17767
Early Cognitive and Developmental Predictors of ASD in Infants with Tuberous Sclerosis Complex

Friday, May 16, 2014: 11:30 AM
Imperial B (Marriott Marquis Atlanta)
S. S. Jeste1, J. Wu2, T. Shimizu3, V. Vogel-Farley4, M. Sahin5 and C. A. Nelson6, (1)UCLA Center for Autism Research and Treatment, Los Angeles, CA, (2)Department of Pediatrics, UCLA, Los Angeles, CA, (3)Psychiatry, UCLA Center for Autism Research and Treatment, Los Angeles, CA, (4)Children's Hospital Boston, Boston, MA, (5)Neurology, Boston Children's Hospital, Boston, MA, (6)Boston Children's Hospital, Boston, MA
Background: The Tuberous Sclerosis Complex (TSC) is an autosomal dominant disorder caused by mutations in either the TSC1 or TSC2 genes, and it is characterized by the widespread growth of hamartomas in multiple organ systems, including the brain. Rates of ASD in TSC range from 25-60%, much higher than the 1-2% reported in the general population. The diagnosis of TSC is often made prenatally or in early infancy, either through the visualization of cardiac rhabdomyomas or in the setting of early onset seizures and/or infantile spasms. In this setting, TSC represents a promising high-risk group for the investigation of early developmental trajectories and risk factors for ASD.

Objectives: We have performed a longitudinal, prospective study of infants with Tuberous Sclerosis Complex (TSC), with the overarching goal of defining early clinical, behavioral and biological markers of autism spectrum disorder (ASD) in this high-risk population. 

Methods: Infants with TSC and typically developing (TD) controls were recruited as early as 3 months of ages and followed longitudinally until 36 months of age. Data gathered at each time point included detailed seizure history, developmental testing using the Mullen Scales of Early Learning (MSEL), and social-communication assessments including the Autism Observation Scale of Infancy (AOSI). Several electrophysiological paradigms were also performed, with one highlighted here involving the assessment of low level visual processing using a visual evoked potential paradigm. At 18, 24 and 36 months, a diagnostic evaluation for ASD was performed using the Autism Diagnostic Observation Schedule (ADOS) and clinical assessment by a trained clinician. 

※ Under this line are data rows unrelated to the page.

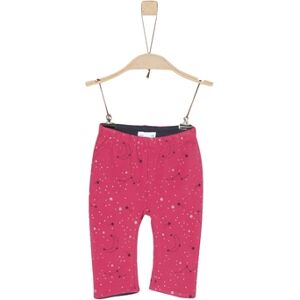 s.Oliver Girl s pantalon reversible violet/rose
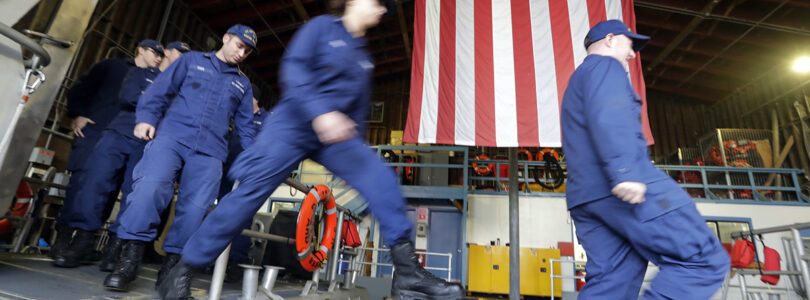Coasties to get $2,000 one-time ‘devotion to duty’ payment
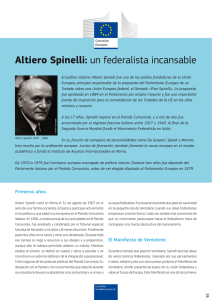 Lea más sobre Altiero Spinelli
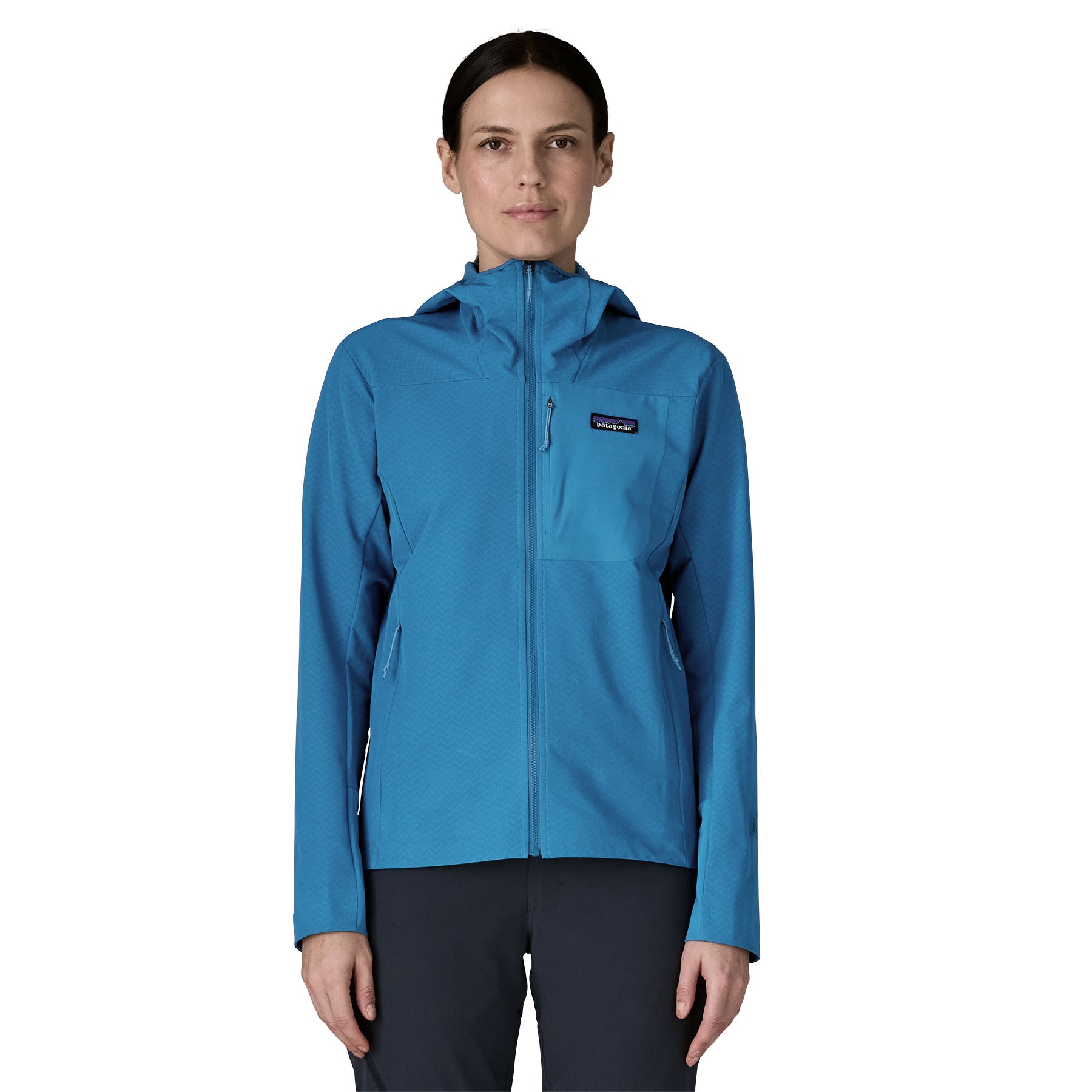 Women's R1 CrossStrata Hoody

Results: Infants with TSC demonstrated delays confined to non-verbal abilities, particularly in the visual domain, through the first 6 months of life, which then generalized to more global delays by age 9 months. The delay in visual reception at 6 months was associated with electrophysiological markers, namely a longer latency of the occipital P1 component (TSC mean latency 131.8 msec, TD mean latency 120.3 msec, p=0.009). 55% (22/40) of the infants with TSC followed longitudinally were diagnosed with ASD. Both 12-month cognitive ability in all domains (verbal and non-verbal) and developmental trajectories over the second two years of life significantly differentiated the groups. More specifically, byy 12 months of age, the ASD group demonstrated significantly greater cognitive delays and a significant decline in non-verbal IQ from 12-36 months.

Conclusions: This is the first prospective study of development in infants with TSC, and it represents a timely effort to define early markers of ASD in this high-risk population. The early delay in visual reception and fine motor ability in the TSC group as a whole, coupled with the decline in non-verbal ability in infants diagnosed with ASD, suggests a domain-specific pathway to ASD that can inform more targeted interventions for these infants.